Professional ratings
Review scores
| Source | Rating |
| AllMusic | Star |
| Entertainment Weekly | B |
| Muzik | Star Half star |
| NME | 6/10 |
| RapReviews | 10/10 |
| Rolling Stone | Star |
| The Rolling Stone Album Guide | Star |
| Spin | 6/10 |
| Tiny Mix Tapes | Star |
| The Village Voice | B+ |

==History==
Stakes Is High marked the first time De La Soul did not collaborate with longtime producer Prince Paul on an album, as the group felt that the production he turned in for it didn't match the album's mood.

Stakes Is High deals with many topics, including the state of hip-hop, the commercialization of hip-hop culture, and criticism of gangsta rap. Rapper 2Pac later retaliated on the song "Against All Odds" from his posthumous 1996 album The Don Killuminati: The 7 Day Theory (as well as the unreleased song "Watch Ya Mouth" recorded during the same sessions). Naughty By Nature member Treach also took serious offense at the record, creating a feud that only died down after about a decade and a half after Stakes Is High was released.

Stakes Is High helped introduce rapper Mos Def to a wider audience, on the track "Big Brother Beat". Common also makes an appearance on "The Bizness".
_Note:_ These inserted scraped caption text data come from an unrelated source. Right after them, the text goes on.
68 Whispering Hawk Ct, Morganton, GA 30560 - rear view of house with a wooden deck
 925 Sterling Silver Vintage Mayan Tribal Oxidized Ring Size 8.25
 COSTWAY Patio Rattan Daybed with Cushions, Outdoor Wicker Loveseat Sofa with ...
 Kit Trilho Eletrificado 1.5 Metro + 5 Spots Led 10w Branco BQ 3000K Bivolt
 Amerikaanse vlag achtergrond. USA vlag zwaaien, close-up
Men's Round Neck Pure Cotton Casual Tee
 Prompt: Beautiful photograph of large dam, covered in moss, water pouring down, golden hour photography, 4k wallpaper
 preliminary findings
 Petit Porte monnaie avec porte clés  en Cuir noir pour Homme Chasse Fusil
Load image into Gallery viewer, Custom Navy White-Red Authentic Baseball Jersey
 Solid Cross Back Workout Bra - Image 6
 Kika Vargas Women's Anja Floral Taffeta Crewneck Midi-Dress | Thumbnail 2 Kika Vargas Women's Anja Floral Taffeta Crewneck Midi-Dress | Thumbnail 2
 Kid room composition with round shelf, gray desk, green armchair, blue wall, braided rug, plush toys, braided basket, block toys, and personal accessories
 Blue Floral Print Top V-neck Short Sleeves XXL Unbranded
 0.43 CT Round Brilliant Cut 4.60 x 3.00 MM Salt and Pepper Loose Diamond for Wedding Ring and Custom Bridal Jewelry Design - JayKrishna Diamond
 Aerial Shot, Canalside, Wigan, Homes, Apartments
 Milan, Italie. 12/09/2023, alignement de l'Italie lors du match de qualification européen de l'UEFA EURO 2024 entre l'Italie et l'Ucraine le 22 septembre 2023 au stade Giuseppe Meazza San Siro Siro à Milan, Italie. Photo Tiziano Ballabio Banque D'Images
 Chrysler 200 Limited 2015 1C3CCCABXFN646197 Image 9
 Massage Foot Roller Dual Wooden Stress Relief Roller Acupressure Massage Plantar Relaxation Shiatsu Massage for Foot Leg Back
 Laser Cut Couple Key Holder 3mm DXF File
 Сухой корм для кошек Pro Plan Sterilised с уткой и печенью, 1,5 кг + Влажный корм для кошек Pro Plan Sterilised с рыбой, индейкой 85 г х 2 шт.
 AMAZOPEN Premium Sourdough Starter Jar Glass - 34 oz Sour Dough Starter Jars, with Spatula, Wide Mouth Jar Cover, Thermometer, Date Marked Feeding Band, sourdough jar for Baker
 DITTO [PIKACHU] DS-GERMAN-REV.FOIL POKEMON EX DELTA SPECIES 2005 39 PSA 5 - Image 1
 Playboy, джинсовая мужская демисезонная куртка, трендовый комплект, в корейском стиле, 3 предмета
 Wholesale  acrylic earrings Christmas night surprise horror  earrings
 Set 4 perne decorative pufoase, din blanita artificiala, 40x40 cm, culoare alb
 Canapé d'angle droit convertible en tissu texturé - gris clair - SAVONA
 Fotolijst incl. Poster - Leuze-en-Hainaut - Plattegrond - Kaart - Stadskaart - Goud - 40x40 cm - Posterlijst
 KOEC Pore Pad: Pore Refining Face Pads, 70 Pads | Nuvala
After the album's release, the group toured extensively and remained rather quiet before returning in 2000 with the first installment of their "Art Official Intelligence" series, Mosaic Thump.

A 30th-anniversary edition of the album is scheduled for release on October 23, 2026, featuring instrumental tracks and additional songs.

===Interludes===
Like other De La Soul albums, Stakes Is High has a running theme, which in this case is the group's concern about the state of rap, as well as the state of hip hop culture and how it is regarded in general. The following sound clips are featured:

- The introduction track begins with various clips of interviews, the interviewees describing where they were when they first heard the influential rap album Criminal Minded.
- At the end of track 9, "Long Island Degrees", a "redneck" explains why he hates rap music ("There's no music in it. It's just niggers talking.")
- At the end of track 10, "Betta Listen", there is a clip of Posdnuos and Maseo discussing an error in communication about a club.
- At the end of track 15, "Pony Ride"—an excerpt from the documentary Crumb, in which Maxon Crumb discusses his struggle living on the streets, describing his periods of optimism and depression. Of his situation, he remarks, "Stakes is high".
- The beginning and end of track 16, "Stakes is High", feature sound clips of people playing dice. A man nearby discusses the O. J. Simpson trials.
- The clip at the end of the final track, "Sunshine", closes the album with a young man saying "Yo, when I first heard 3 Feet High and Rising, I was" and then the clip is cut out in similar fashion to "Fight the Power" in Public Enemy's legendary album, Fear of a Black Planet. 3 Feet High and Rising was De La Soul's first release and a very influential album, held in similarly high regard as Criminal Minded, which is discussed at the beginning of the album.

==Critical reception==
Robert Christgau wrote: "After almost four years, Posdnuos and company emerge from the ether like the long-lost friends they are. Their wordplay assured in its subtle smarts, their delivery unassuming in its quick, unmacho mumble, their cultural awareness never smug about its balance, they bind up an identifiable feeling in an identifiable sound, and just about every one of the 17 tracks comes equipped with a solid beat and a likable hook or chorus. It's a relief to have them back. But it's never a revelation."

==Track listing==

Notes
- indicates an additional producer.
- "Baby Baby Baby Baby Ooh Baby" features additional vocals by the Jazzyfatnastees.
- The streaming version of the album divides "The Bizness" into two tracks, "The Bizness" and "Yunonstop".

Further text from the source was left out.